Radiotherapy plans were generated by the Pinnacle treatment planning system (version 8.0 m). Irradiation was delivered with 6-MV photon energy using a linear accelerator. Dose coverage required that 95% of PTVs receive the prescribed dose. Dose constraints to OARs were detailed in Additional file 1: Table S1. To ensure that both primary tumor and metastatic lymph nodes always stay within the boost region (PGTV), all patients were required to be re-scanned after 21–23 fractions and two sets of CT images would be fused together (shown in Fig. 2) to evaluate the shrinkage and movement of all targets. The radiotherapy plan would be adjusted accordingly to ensure the full-dose irradiation on the primary tumor.
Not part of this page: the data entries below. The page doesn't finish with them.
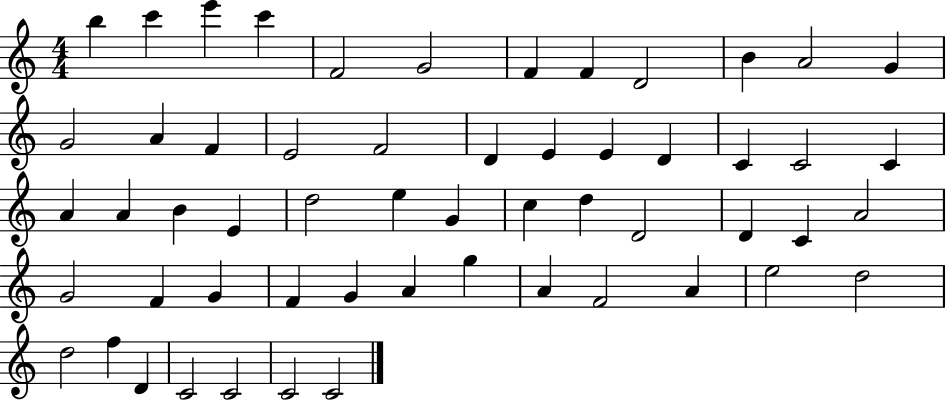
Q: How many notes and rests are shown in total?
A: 56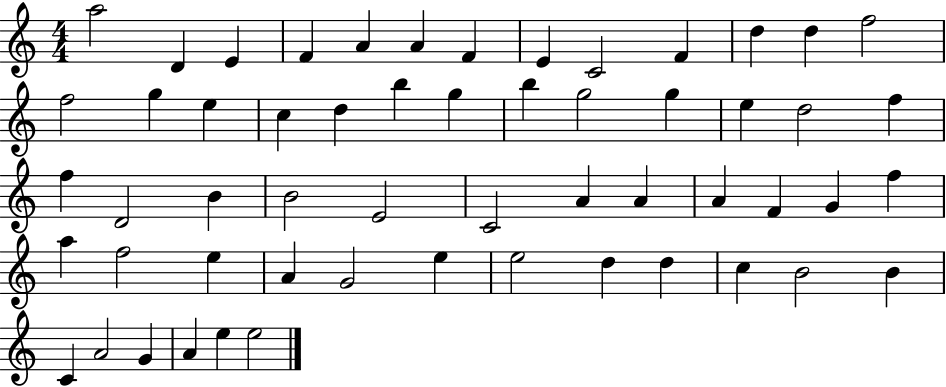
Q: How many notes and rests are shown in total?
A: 56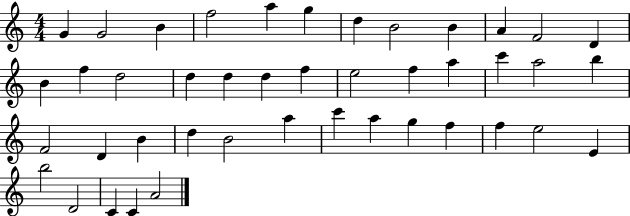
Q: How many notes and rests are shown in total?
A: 43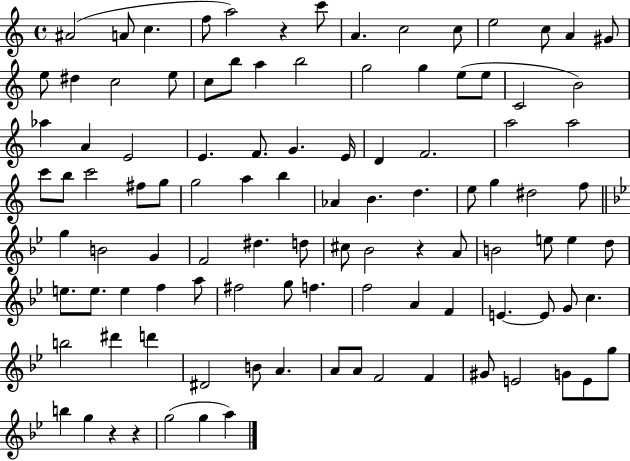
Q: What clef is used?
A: treble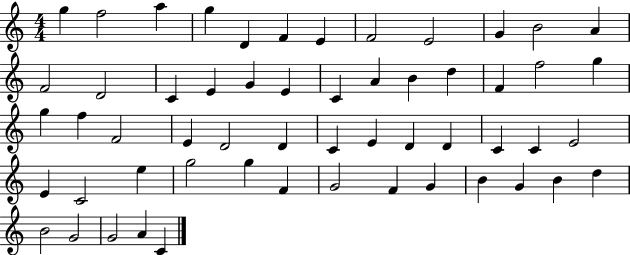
X:1
T:Untitled
M:4/4
L:1/4
K:C
g f2 a g D F E F2 E2 G B2 A F2 D2 C E G E C A B d F f2 g g f F2 E D2 D C E D D C C E2 E C2 e g2 g F G2 F G B G B d B2 G2 G2 A C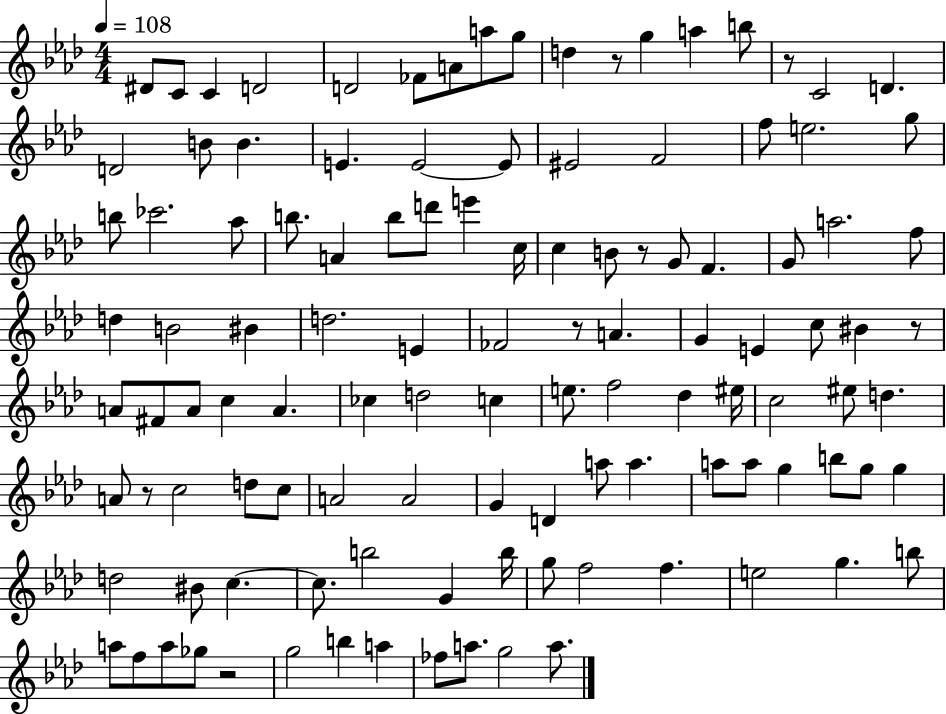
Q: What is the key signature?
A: AES major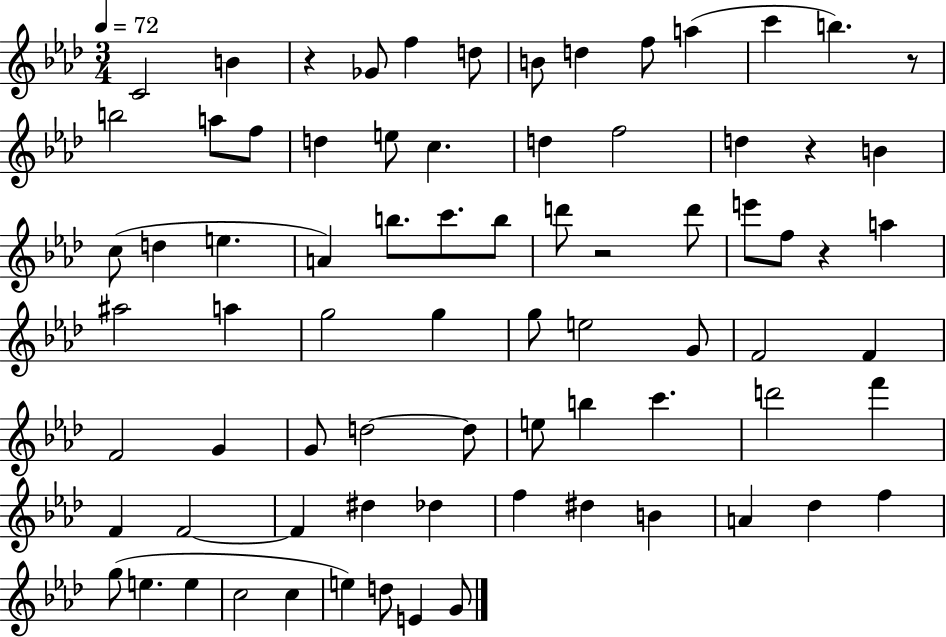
C4/h B4/q R/q Gb4/e F5/q D5/e B4/e D5/q F5/e A5/q C6/q B5/q. R/e B5/h A5/e F5/e D5/q E5/e C5/q. D5/q F5/h D5/q R/q B4/q C5/e D5/q E5/q. A4/q B5/e. C6/e. B5/e D6/e R/h D6/e E6/e F5/e R/q A5/q A#5/h A5/q G5/h G5/q G5/e E5/h G4/e F4/h F4/q F4/h G4/q G4/e D5/h D5/e E5/e B5/q C6/q. D6/h F6/q F4/q F4/h F4/q D#5/q Db5/q F5/q D#5/q B4/q A4/q Db5/q F5/q G5/e E5/q. E5/q C5/h C5/q E5/q D5/e E4/q G4/e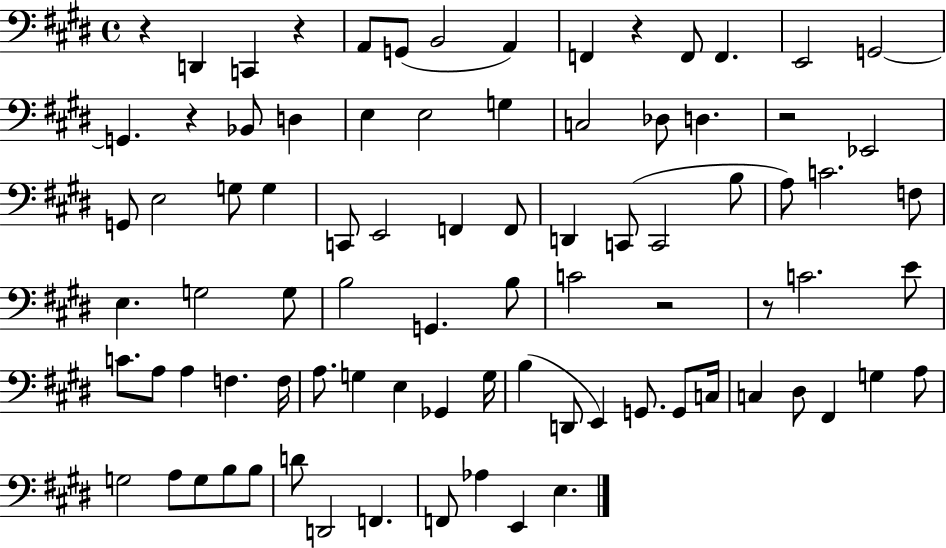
{
  \clef bass
  \time 4/4
  \defaultTimeSignature
  \key e \major
  \repeat volta 2 { r4 d,4 c,4 r4 | a,8 g,8( b,2 a,4) | f,4 r4 f,8 f,4. | e,2 g,2~~ | \break g,4. r4 bes,8 d4 | e4 e2 g4 | c2 des8 d4. | r2 ees,2 | \break g,8 e2 g8 g4 | c,8 e,2 f,4 f,8 | d,4 c,8( c,2 b8 | a8) c'2. f8 | \break e4. g2 g8 | b2 g,4. b8 | c'2 r2 | r8 c'2. e'8 | \break c'8. a8 a4 f4. f16 | a8. g4 e4 ges,4 g16 | b4( d,8 e,4) g,8. g,8 c16 | c4 dis8 fis,4 g4 a8 | \break g2 a8 g8 b8 b8 | d'8 d,2 f,4. | f,8 aes4 e,4 e4. | } \bar "|."
}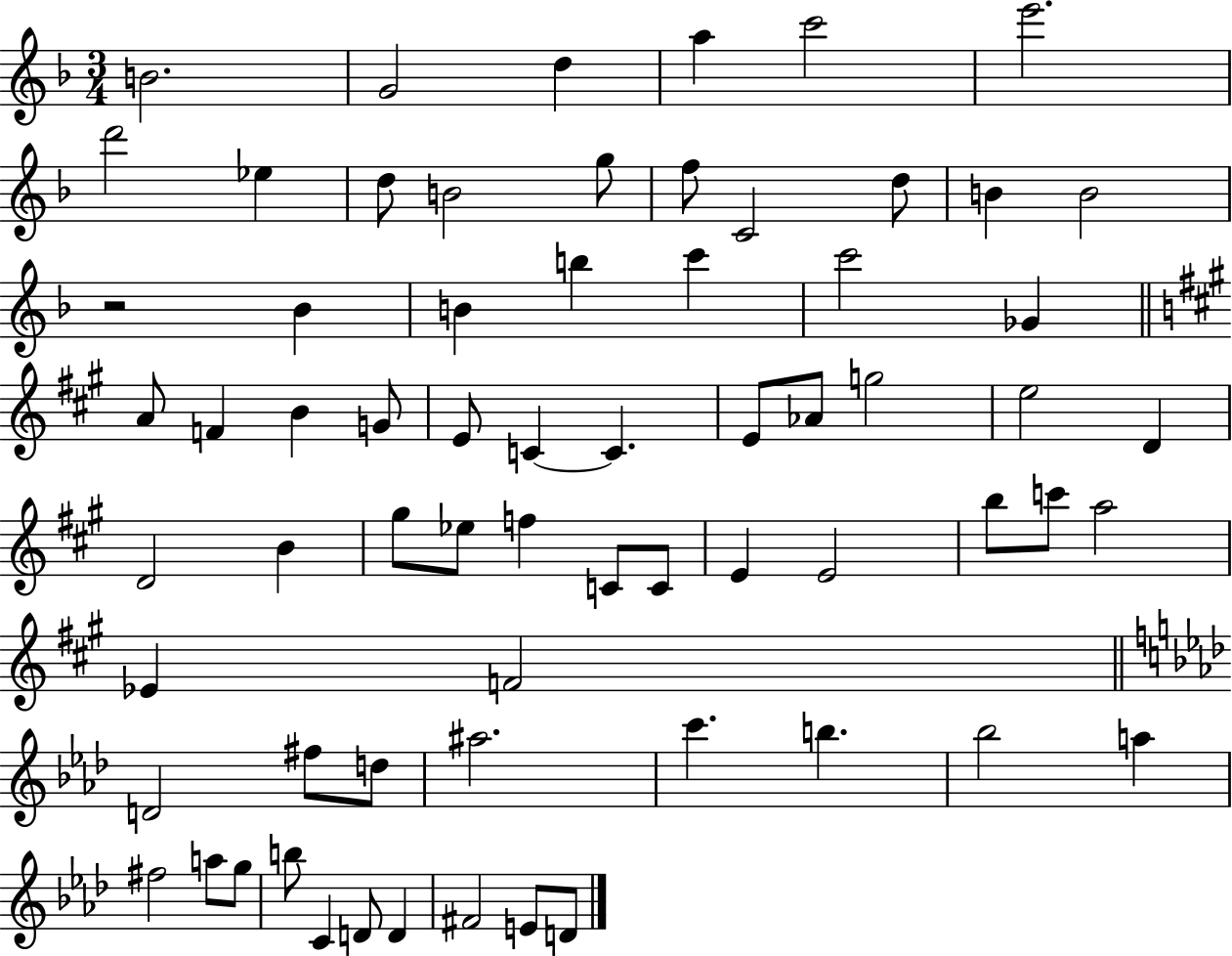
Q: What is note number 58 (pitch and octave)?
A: A5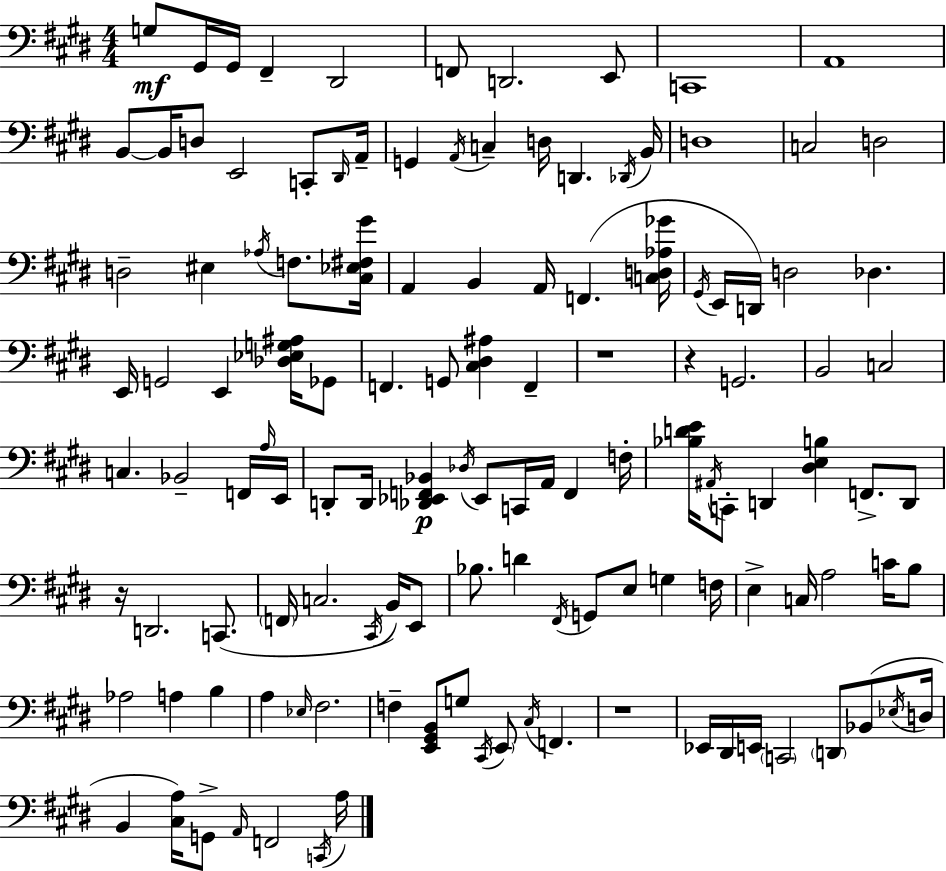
G3/e G#2/s G#2/s F#2/q D#2/h F2/e D2/h. E2/e C2/w A2/w B2/e B2/s D3/e E2/h C2/e D#2/s A2/s G2/q A2/s C3/q D3/s D2/q. Db2/s B2/s D3/w C3/h D3/h D3/h EIS3/q Ab3/s F3/e. [C#3,Eb3,F#3,G#4]/s A2/q B2/q A2/s F2/q. [C3,D3,Ab3,Gb4]/s G#2/s E2/s D2/s D3/h Db3/q. E2/s G2/h E2/q [Db3,Eb3,G3,A#3]/s Gb2/e F2/q. G2/e [C#3,D#3,A#3]/q F2/q R/w R/q G2/h. B2/h C3/h C3/q. Bb2/h F2/s A3/s E2/s D2/e D2/s [Db2,Eb2,F2,Bb2]/q Db3/s Eb2/e C2/s A2/s F2/q F3/s [Bb3,D4,E4]/s A#2/s C2/e D2/q [D#3,E3,B3]/q F2/e. D2/e R/s D2/h. C2/e. F2/s C3/h. C#2/s B2/s E2/e Bb3/e. D4/q F#2/s G2/e E3/e G3/q F3/s E3/q C3/s A3/h C4/s B3/e Ab3/h A3/q B3/q A3/q Eb3/s F#3/h. F3/q [E2,G#2,B2]/e G3/e C#2/s E2/e C#3/s F2/q. R/w Eb2/s D#2/s E2/s C2/h D2/e Bb2/e Eb3/s D3/s B2/q [C#3,A3]/s G2/e A2/s F2/h C2/s A3/s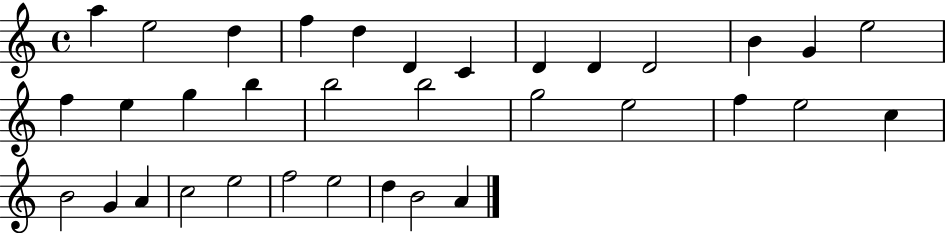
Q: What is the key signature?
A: C major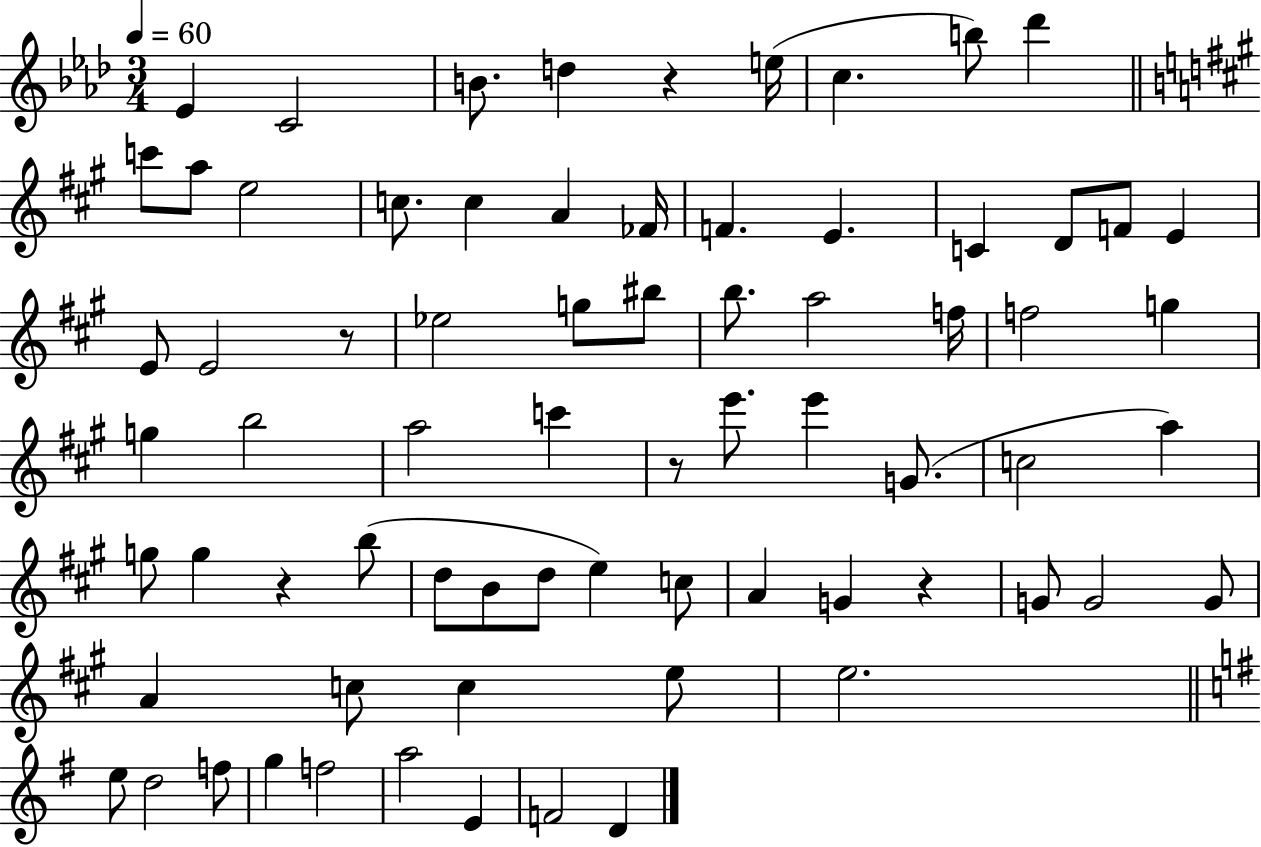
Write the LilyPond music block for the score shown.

{
  \clef treble
  \numericTimeSignature
  \time 3/4
  \key aes \major
  \tempo 4 = 60
  ees'4 c'2 | b'8. d''4 r4 e''16( | c''4. b''8) des'''4 | \bar "||" \break \key a \major c'''8 a''8 e''2 | c''8. c''4 a'4 fes'16 | f'4. e'4. | c'4 d'8 f'8 e'4 | \break e'8 e'2 r8 | ees''2 g''8 bis''8 | b''8. a''2 f''16 | f''2 g''4 | \break g''4 b''2 | a''2 c'''4 | r8 e'''8. e'''4 g'8.( | c''2 a''4) | \break g''8 g''4 r4 b''8( | d''8 b'8 d''8 e''4) c''8 | a'4 g'4 r4 | g'8 g'2 g'8 | \break a'4 c''8 c''4 e''8 | e''2. | \bar "||" \break \key g \major e''8 d''2 f''8 | g''4 f''2 | a''2 e'4 | f'2 d'4 | \break \bar "|."
}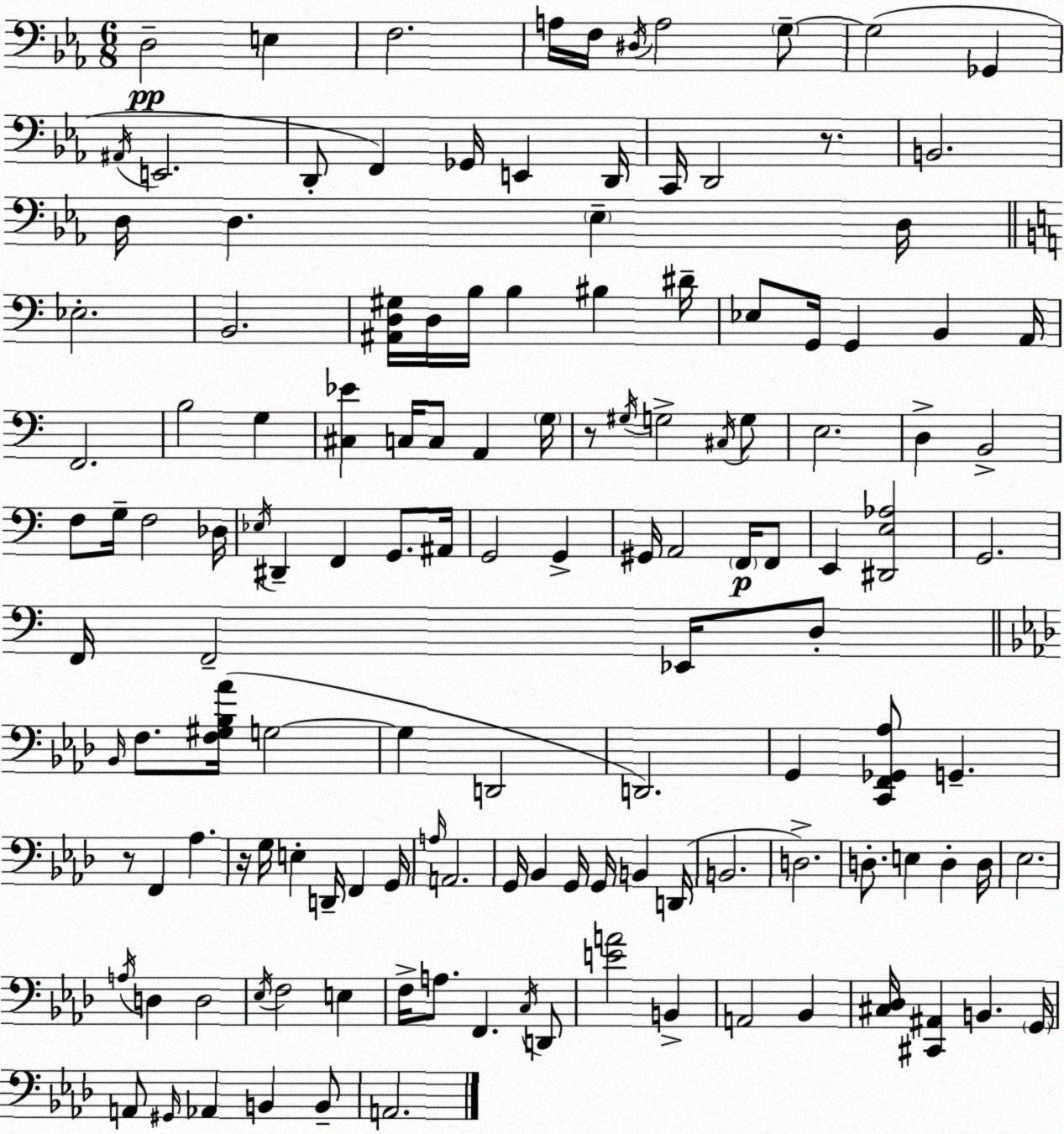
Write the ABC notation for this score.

X:1
T:Untitled
M:6/8
L:1/4
K:Eb
D,2 E, F,2 A,/4 F,/4 ^D,/4 A,2 G,/2 G,2 _G,, ^A,,/4 E,,2 D,,/2 F,, _G,,/4 E,, D,,/4 C,,/4 D,,2 z/2 B,,2 D,/4 D, _E, D,/4 _E,2 B,,2 [^A,,D,^G,]/4 D,/4 B,/4 B, ^B, ^D/4 _E,/2 G,,/4 G,, B,, A,,/4 F,,2 B,2 G, [^C,_E] C,/4 C,/2 A,, G,/4 z/2 ^G,/4 G,2 ^C,/4 G,/2 E,2 D, B,,2 F,/2 G,/4 F,2 _D,/4 _E,/4 ^D,, F,, G,,/2 ^A,,/4 G,,2 G,, ^G,,/4 A,,2 F,,/4 F,,/2 E,, [^D,,E,_A,]2 G,,2 F,,/4 F,,2 _E,,/4 D,/2 _B,,/4 F,/2 [F,^G,_B,_A]/4 G,2 G, D,,2 D,,2 G,, [C,,F,,_G,,_A,]/2 G,, z/2 F,, _A, z/4 G,/4 E, D,,/4 F,, G,,/4 A,/4 A,,2 G,,/4 _B,, G,,/4 G,,/4 B,, D,,/4 B,,2 D,2 D,/2 E, D, D,/4 _E,2 A,/4 D, D,2 _E,/4 F,2 E, F,/4 A,/2 F,, C,/4 D,,/2 [EA]2 B,, A,,2 _B,, [^C,_D,]/4 [^C,,^A,,] B,, G,,/4 A,,/2 ^G,,/4 _A,, B,, B,,/2 A,,2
All patients received weekly infusion of paclitaxel (50 mg/m2) and nedaplatin (25 mg/m2) concurrent with radiotherapy for at least 5 weeks.
Toxicities were scored according to National Cancer Institute Common Terminology Criteria for Adverse Events (CTCAE) and evaluated weekly during treatment. DLT was defined as grade 4 or higher hematological toxicities (including anemia, neutropenia and thrombocytopenia) and/or grade 3 or higher non-hematological toxicities (including radiation-induced esophagitis, pneumonitis, gastrointestinal reaction, dermatitis, weight loss, hepatic and renal dysfunction, etc.). In case of grade 3 hematologic toxicity, radiotherapy would continue with the dose of chemotherapy reduced by 25% since the next cycle. In case of DLT, both radiotherapy and chemotherapy were discontinued at the same time until patient recovered to grade 0–1 toxicity and the chemotherapeutic drugs would not be administered thereafter.
Radiation dose escalation
Prescribed dose was assigned according to the pre-designed dose-escalation scheme. The prophylactic PTVs received a stable dose of 50.40Gy /1.8Gy /28f, while the therapeutic PGTVs were planned to be prescribed with three consecutive dose levels: 60.76Gy /2.17Gy /28f (dose level 1), 61.88Gy /2.21Gy /28f (dose level 2) and 64.12Gy /2.29Gy /28f (dose level 3). Radiation dose escalation was carried out according to following rules. At each dose level, a minimum of three patients were treated and observed for at least three months after completion of treatment. If DLT was not present, the escalation process wound continue to next dose level. In case DLT was observed in two or more patients, the dose escalation would be terminated and MTD was determined as the former dose level. If only one patient developed DLT, then another three patients would be accrued at the same dose level. In case of further DLT present, the escalation process would be terminated and the previous dose level was then determined as MTD.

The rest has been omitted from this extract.